The question I asked.

My original code.

; core.clj

(ns bloom-filter.core)


(defn bloom-create [numbits hash-functions]
      (if (or (nil? numbits) (nil? hash-functions)) nil
          {:bits (vec (repeat numbits 0)) :hash-functions hash-functions}))

(defn bloom-add [bloom-filter value]
      (when-not (nil? bloom-filter) 
      (let [hash-functions (:hash-functions bloom-filter)
            bits           (:bits bloom-filter)
            new-bits (reduce (fn [actual-bits hash-function] (assoc actual-bits (hash-function value) 1)) bits hash-functions)]
      (assoc-in bloom-filter [:bits] new-bits))))

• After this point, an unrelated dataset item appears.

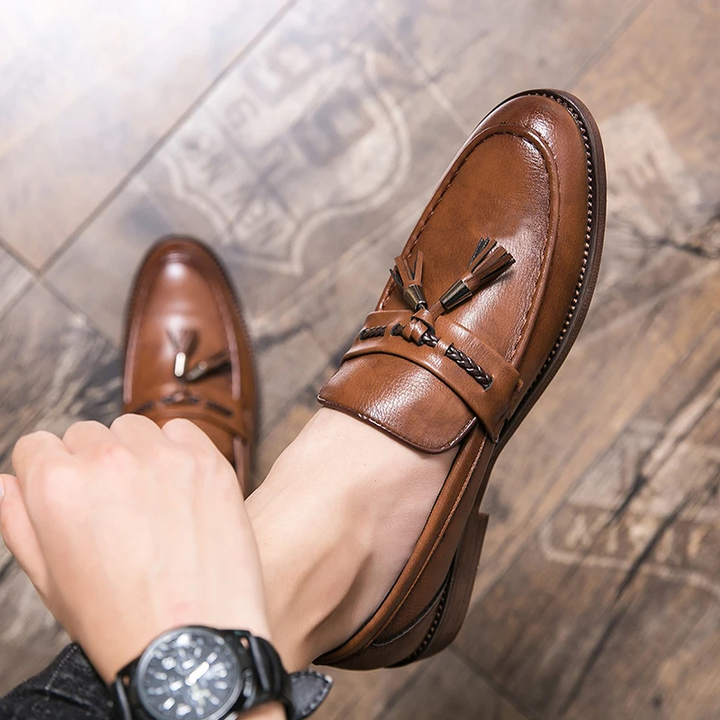 Leren Loafers kwastidega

(defn bloom-contains [bloom-filter value] 
      (let [hash-functions (:hash-functions bloom-filter)
            bits (:bits bloom-filter)]
      (reduce (fn [actual-value hash-function] (and actual-value (= 1 (bits (hash-function value))))) true hash-functions)))

; core-test.clj

(ns bloom-filter.core-test

(:require [clojure.test :refer :all]
          [bloom-filter.core :refer :all]))

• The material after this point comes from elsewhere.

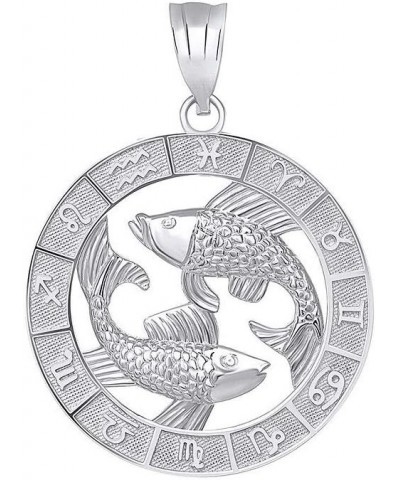 14k White Gold Zodiac Horoscope Astrology Pendant Pisces $65.09 Necklaces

(defn mod7-fun [num] (mod num 7))
(defn always-zero-fun [dontcare] 0)  

(deftest create-test
  (testing "create bloom filter"
    (is (= nil (bloom-create nil nil)))
    (is (= nil (bloom-create 0 nil)))
    (is (= nil (bloom-create nil [])))
    (is (= {:bits [] :hash-functions []} (bloom-create 0 [])))
    (is (= {:bits [0] :hash-functions []} (bloom-create 1 [])))
    (is (= {:bits [] :hash-functions [always-zero-fun]} (bloom-create 0 [always-zero-fun])))
))

(deftest add-test
  (let [empty-filter (bloom-create 7 [])
        single-fun-filter (bloom-create 7 [mod7-fun])
        two-fun-filter (bloom-create 7 [mod7-fun always-zero-fun])]
  (testing "add to bloom filter"
    (is (= nil (bloom-add nil 3)))
    (is (= empty-filter (bloom-add empty-filter nil)))
    (is (= empty-filter (bloom-add empty-filter 10)))
    (is (= {:bits [0 0 0 1 0 0 0] :hash-functions [mod7-fun]}
           (bloom-add single-fun-filter 3)))
    (is (= {:bits [1 0 0 1 0 0 0] :hash-functions [mod7-fun always-zero-fun]}
           (bloom-add two-fun-filter 3)))
)))

(deftest contains-test
  (let [empty-filter (bloom-create 7 [])
        simple-filter (bloom-create 7 [mod7-fun])
        filter-with-element (bloom-add simple-filter 3)]
  (testing "bloom filter contains"
    (is (true? (bloom-contains empty-filter 0)))
    (is (false? (bloom-contains simple-filter 0)))
    (is (true? (bloom-contains filter-with-element 3)))
    (is (true? (bloom-contains filter-with-element 10)))
)))

The improved code

; core.clj

(ns bloom-filter.core)


(defn bloom-create [numbits hash-functions]
      (assert (number? numbits) "numbits must be numeric")
      (assert (not (nil? hash-functions)) "hash-functions must not be nil")
      (assert (every? ifn? hash-functions) "hash-functions must be a collection of functions")
      {:bits (vec (repeat numbits false)) 
       :hash-functions hash-functions})

(def ^:private safe-hash-functions (memoize 
      (fn [numbits hash-functions]
      (map #(fn [x] (mod (% x) numbits)) hash-functions))))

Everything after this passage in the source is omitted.